INPUT MATERIAL
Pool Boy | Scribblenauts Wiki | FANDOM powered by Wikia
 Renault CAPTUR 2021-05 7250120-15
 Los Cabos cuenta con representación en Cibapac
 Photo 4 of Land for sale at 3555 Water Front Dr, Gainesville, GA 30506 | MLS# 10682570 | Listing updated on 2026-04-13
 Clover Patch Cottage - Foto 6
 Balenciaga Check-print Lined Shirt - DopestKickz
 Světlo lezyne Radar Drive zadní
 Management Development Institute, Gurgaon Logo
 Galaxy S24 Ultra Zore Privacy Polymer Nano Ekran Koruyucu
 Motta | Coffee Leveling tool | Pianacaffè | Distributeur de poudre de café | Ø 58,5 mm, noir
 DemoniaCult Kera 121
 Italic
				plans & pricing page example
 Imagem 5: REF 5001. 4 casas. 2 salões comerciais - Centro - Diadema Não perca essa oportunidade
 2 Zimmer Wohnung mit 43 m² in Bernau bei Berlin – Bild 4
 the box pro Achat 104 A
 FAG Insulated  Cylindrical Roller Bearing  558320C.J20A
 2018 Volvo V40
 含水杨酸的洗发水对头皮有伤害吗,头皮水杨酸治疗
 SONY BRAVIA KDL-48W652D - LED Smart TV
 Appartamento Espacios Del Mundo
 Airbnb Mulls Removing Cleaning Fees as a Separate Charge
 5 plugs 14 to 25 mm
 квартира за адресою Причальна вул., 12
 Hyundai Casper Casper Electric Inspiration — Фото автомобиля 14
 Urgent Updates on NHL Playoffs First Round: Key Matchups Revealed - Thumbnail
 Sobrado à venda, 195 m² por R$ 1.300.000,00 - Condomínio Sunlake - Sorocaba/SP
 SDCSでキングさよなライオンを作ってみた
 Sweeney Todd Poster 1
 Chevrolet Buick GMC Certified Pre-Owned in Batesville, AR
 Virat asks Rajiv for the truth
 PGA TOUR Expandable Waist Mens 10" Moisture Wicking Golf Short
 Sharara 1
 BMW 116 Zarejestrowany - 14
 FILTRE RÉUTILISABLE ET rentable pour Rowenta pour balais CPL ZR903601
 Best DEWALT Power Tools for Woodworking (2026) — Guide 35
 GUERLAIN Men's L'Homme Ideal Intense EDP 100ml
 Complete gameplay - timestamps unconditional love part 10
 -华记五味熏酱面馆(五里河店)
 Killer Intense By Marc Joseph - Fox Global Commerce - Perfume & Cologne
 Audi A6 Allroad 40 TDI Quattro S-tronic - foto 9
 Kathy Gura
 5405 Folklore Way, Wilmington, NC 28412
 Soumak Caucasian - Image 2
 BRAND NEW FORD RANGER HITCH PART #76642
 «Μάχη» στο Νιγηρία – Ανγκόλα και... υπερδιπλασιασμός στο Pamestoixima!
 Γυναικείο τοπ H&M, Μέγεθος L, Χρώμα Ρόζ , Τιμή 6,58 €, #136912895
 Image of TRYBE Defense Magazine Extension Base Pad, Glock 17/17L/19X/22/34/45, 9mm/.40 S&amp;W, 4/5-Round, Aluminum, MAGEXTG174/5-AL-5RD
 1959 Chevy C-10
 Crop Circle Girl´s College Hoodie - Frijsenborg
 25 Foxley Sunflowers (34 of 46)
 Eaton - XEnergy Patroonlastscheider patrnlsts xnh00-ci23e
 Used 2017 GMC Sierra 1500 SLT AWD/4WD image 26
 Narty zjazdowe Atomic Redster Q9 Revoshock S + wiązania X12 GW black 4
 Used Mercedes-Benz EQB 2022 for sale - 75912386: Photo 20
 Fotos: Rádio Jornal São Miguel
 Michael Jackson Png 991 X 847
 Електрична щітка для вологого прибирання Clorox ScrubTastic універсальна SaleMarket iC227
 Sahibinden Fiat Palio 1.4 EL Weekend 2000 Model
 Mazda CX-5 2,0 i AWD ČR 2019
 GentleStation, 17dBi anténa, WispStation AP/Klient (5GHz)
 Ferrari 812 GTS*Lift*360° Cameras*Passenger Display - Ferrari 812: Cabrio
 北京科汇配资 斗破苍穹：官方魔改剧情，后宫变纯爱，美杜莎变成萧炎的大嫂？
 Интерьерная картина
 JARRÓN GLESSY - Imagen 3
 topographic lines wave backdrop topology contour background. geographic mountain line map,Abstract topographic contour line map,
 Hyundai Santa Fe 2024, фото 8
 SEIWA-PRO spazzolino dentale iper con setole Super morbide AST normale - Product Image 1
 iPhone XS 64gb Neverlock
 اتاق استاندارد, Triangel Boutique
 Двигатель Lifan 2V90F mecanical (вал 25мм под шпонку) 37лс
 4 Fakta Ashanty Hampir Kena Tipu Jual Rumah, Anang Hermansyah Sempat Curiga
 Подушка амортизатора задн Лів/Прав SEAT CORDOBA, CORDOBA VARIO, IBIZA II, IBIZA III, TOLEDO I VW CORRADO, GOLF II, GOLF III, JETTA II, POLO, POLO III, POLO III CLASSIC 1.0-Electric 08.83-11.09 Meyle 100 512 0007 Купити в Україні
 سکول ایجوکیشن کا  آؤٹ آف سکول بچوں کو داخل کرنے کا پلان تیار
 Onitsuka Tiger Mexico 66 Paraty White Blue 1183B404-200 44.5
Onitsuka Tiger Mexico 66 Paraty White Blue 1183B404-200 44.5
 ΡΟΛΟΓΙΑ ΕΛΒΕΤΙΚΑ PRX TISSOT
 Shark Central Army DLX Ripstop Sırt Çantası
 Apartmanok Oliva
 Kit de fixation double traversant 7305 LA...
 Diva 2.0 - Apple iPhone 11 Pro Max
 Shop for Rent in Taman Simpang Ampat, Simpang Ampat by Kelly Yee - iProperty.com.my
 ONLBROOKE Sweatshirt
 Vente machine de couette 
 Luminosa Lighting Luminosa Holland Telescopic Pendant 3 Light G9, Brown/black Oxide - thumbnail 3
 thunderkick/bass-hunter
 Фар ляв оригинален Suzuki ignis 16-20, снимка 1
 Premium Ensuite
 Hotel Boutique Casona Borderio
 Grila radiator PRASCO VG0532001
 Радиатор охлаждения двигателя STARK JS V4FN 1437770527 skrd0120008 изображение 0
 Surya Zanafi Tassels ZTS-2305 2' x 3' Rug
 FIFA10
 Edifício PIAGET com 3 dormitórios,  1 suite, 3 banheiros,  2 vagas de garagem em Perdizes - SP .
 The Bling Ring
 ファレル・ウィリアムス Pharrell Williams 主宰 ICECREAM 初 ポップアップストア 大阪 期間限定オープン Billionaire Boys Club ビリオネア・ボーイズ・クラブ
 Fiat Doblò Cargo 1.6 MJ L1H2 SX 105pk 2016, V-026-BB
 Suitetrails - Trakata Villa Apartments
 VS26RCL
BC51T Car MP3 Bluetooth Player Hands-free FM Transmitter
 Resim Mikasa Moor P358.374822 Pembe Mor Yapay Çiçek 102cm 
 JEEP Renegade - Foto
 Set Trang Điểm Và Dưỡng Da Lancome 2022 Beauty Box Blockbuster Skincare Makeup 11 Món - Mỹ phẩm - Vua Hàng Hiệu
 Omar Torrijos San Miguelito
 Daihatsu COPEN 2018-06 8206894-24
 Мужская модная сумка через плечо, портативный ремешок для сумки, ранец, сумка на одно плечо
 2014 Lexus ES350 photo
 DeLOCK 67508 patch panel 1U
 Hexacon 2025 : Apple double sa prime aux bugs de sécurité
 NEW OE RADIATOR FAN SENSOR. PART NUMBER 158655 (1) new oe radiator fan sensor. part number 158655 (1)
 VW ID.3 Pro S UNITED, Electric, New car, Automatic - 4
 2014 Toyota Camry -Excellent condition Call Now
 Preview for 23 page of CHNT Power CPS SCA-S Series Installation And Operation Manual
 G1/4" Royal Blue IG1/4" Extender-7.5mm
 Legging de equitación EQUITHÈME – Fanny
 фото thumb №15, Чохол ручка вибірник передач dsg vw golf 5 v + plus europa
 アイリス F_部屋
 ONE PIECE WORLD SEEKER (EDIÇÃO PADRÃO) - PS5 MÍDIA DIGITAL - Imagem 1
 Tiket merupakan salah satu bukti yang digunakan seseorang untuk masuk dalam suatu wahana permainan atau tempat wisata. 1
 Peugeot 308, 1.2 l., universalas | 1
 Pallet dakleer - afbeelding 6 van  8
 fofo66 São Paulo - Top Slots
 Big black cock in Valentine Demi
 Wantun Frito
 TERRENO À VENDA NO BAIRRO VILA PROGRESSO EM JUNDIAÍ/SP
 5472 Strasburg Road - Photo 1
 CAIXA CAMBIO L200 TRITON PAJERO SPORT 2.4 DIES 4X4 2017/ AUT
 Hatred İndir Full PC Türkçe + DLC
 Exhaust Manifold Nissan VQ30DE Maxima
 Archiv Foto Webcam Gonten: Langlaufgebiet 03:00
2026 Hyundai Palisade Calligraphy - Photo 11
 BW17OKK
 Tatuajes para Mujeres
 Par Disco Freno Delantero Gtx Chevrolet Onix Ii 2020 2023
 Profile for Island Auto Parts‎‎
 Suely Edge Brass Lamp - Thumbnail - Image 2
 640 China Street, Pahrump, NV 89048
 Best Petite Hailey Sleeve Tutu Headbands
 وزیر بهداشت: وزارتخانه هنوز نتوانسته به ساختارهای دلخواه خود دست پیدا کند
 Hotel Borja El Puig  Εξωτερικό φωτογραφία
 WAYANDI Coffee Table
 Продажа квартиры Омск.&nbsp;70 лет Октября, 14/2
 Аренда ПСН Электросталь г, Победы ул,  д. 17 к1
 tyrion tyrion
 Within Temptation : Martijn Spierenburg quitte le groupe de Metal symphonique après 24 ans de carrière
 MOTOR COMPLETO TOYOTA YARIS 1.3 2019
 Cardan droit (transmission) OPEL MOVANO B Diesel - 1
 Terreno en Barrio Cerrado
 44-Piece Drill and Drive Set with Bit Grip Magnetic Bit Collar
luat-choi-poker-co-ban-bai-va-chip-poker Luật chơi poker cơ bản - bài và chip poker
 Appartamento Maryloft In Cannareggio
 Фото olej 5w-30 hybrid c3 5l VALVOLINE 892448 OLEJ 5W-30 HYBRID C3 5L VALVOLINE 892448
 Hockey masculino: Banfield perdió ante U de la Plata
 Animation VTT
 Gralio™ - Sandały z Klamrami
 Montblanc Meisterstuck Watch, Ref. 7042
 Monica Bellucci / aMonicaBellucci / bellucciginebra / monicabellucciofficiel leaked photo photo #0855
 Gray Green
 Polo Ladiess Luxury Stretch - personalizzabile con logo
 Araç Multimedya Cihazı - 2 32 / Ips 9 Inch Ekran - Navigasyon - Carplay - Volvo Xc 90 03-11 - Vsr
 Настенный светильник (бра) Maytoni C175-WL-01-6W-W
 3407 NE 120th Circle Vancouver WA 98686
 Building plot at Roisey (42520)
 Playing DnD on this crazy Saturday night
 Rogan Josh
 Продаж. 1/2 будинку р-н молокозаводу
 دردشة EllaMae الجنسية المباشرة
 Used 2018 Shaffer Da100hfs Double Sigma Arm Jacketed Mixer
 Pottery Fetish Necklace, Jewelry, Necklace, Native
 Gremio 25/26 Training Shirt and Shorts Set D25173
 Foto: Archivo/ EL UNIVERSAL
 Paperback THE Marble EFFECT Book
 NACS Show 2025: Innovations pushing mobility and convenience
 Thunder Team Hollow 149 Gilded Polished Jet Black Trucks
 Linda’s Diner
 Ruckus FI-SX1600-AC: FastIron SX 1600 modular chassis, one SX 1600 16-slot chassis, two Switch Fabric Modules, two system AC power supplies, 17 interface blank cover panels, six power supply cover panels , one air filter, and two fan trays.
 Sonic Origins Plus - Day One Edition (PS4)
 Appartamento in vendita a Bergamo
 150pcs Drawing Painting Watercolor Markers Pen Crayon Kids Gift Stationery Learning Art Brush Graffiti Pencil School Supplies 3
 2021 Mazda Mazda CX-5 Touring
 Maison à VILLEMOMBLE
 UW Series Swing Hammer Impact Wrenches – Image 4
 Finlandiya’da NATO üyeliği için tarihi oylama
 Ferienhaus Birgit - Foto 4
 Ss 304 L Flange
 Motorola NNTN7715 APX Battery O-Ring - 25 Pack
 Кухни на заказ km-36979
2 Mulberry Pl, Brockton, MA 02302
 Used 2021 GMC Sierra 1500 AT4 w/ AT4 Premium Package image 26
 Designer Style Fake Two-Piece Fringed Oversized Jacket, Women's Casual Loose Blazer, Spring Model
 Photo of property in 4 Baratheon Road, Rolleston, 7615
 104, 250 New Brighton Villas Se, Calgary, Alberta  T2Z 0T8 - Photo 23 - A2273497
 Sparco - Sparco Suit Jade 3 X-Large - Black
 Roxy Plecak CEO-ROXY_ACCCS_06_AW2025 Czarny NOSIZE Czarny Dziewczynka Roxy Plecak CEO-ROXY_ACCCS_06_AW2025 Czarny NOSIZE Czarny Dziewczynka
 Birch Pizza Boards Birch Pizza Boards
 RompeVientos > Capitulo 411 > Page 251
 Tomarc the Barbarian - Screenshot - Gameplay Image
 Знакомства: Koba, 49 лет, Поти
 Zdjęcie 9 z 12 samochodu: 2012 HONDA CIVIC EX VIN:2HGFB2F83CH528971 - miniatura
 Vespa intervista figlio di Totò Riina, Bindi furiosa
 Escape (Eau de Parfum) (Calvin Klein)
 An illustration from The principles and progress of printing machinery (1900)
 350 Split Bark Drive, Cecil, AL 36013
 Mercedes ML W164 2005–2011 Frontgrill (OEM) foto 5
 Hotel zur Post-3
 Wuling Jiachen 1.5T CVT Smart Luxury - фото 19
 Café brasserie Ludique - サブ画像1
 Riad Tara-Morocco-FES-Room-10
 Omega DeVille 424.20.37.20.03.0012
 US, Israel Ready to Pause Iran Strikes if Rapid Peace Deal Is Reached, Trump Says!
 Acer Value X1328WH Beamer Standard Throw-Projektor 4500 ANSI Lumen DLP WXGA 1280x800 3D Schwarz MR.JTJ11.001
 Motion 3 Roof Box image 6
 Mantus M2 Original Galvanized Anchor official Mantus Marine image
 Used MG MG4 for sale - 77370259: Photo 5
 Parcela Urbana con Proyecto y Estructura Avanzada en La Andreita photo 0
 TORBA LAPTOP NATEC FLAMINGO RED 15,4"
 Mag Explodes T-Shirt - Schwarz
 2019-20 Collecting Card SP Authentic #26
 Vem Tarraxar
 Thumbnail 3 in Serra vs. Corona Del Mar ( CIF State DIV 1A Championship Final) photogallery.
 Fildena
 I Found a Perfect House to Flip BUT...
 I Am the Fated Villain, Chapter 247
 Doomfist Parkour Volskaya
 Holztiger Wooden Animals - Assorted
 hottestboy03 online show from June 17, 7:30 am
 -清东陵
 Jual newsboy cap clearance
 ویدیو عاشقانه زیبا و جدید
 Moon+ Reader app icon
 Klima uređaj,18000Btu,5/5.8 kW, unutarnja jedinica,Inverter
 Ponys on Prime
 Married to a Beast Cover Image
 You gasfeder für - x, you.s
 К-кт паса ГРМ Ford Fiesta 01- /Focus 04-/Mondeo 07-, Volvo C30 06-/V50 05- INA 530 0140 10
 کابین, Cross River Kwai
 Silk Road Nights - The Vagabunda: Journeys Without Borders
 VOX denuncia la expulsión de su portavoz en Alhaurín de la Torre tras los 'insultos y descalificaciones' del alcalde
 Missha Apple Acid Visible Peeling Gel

EXERCISE
Look through the material above for the word "Intense" and copy every line that has it.

EXERCISE RESPONSE
 GUERLAIN Men's L'Homme Ideal Intense EDP 100ml
 Killer Intense By Marc Joseph - Fox Global Commerce - Perfume & Cologne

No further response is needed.